Share valuation is vital in establishing a fair market price and enabling investors to make sound decisions about purchasing or selling shares. It is the method of ascertaining the intrinsic value of the company. The valuation of a company’s goodwill acts as a metric for its longstanding performance as well as its capacity to deliver future earnings.

Let us look at what the valuation of shares and goodwill means, the need for valuation, the factors that impact valuation, the different valuation methods, and the advantages of valuation.

What is the Valuation of Shares

The valuation of shares decides the current worth of a company stock which emanates from its financial soundness, assets, liabilities, and market success. It benefits investors by letting them know whether a stock is a good purchase depending on its actual value. The share valuation process gives you the fair value of a company’s stock at a price that is neither too high nor too low.

For share valuation you require an estimate of a company’s net worth applying separate mathematical methods. Appraisers consider the financial details of a company such as present income and cash flows, capital management, assets, and future finances, to figure out the firm’s current value.
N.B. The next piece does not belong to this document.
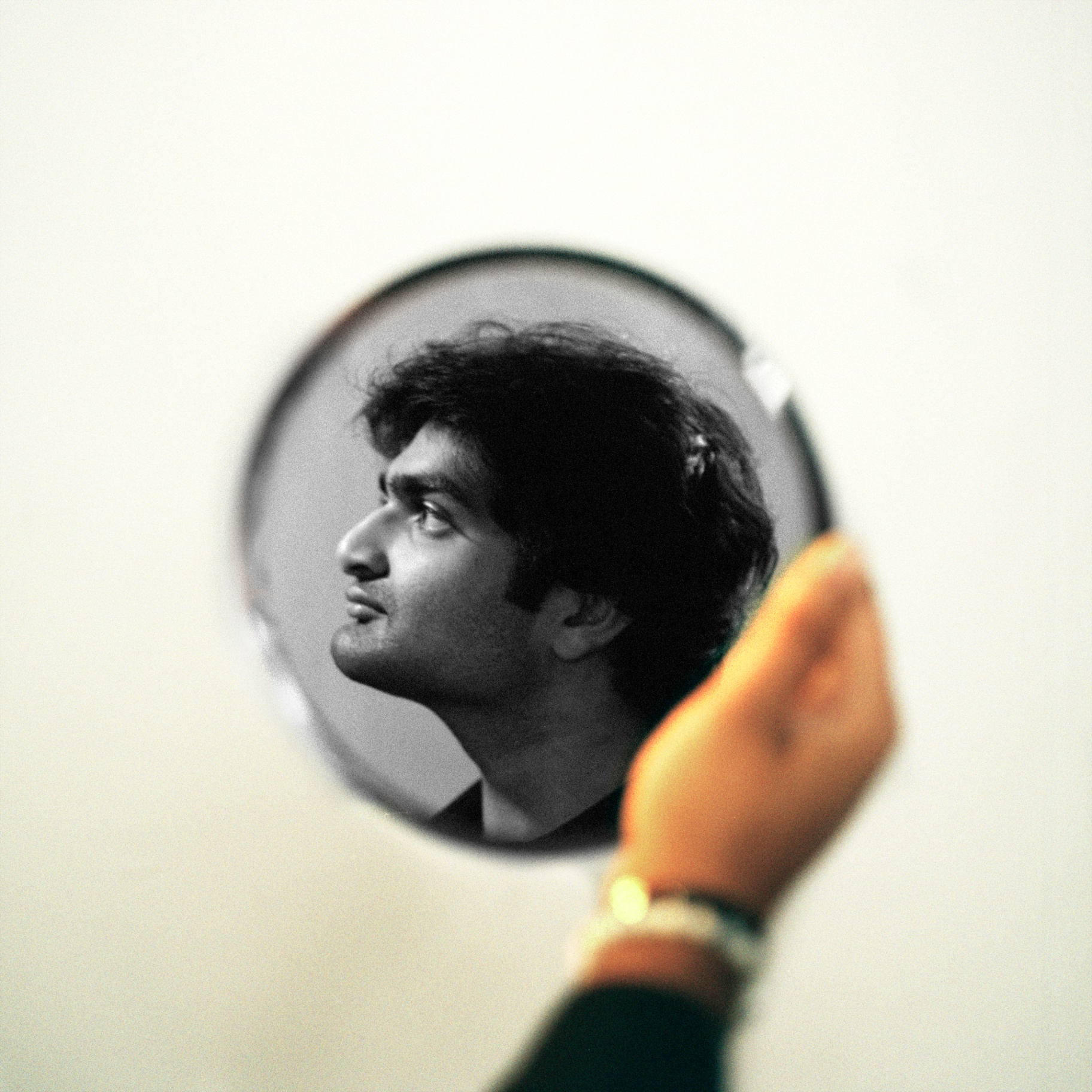 Eshan Agarwal portrait held in a small round mirror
The Need for Valuation of Shares

There can arise a need for valuation of shares under the following conditions:

  • Capital raising and promoting investment decisions
  • Guaranteeing fair pricing in mergers and acquisitions, amalgamation, and reconstruction
  • Tax compliance and assessments as per the Wealth Tax Act or gift tax
  • Resolving litigation and disputes where the valuation of shares is a legal necessity.
  • Shares owned by an investment firm
  • Company shares conversion from preference to equity
  • Approaching for a bank loan pledging shares as a security
  • Selling your business and knowing its value
  • Enforcing an employee stock ownership plan (ESOP)
  • Repaying the shareholders if the company is nationalized
  • Ensuring proper financial reporting as share valuation influences balance sheet and income statements
  • Implementing risk management planning

Factors That Impact the Valuation Of Shares

There are numerous factors that influence the valuation of shares. These include:

  • Financial performance includes cash flows, income, sales, rate of growth, and profitability. Overall, the valuation of shares rises with its financial performance.
  • Higher risk and unpredictability of the company lead to depreciation in share valuation.
  • The Market Price of the share affects its relative valuation. Multiples, such as P/E and P/B, apply the share or equity price based on demand and supply, investor sentiment, and performance.
  • Dividend Policies are companies that pay regular dividends or raise them, which attracts investors. Dividend accruals raise the stock price, while a decline in dividends tends to reduce prices.
  • Economic conditions, such as a recession with high interest rates, inflation and declining demand, impact a company’s short and medium-range performance. Share valuation fluctuates during this period.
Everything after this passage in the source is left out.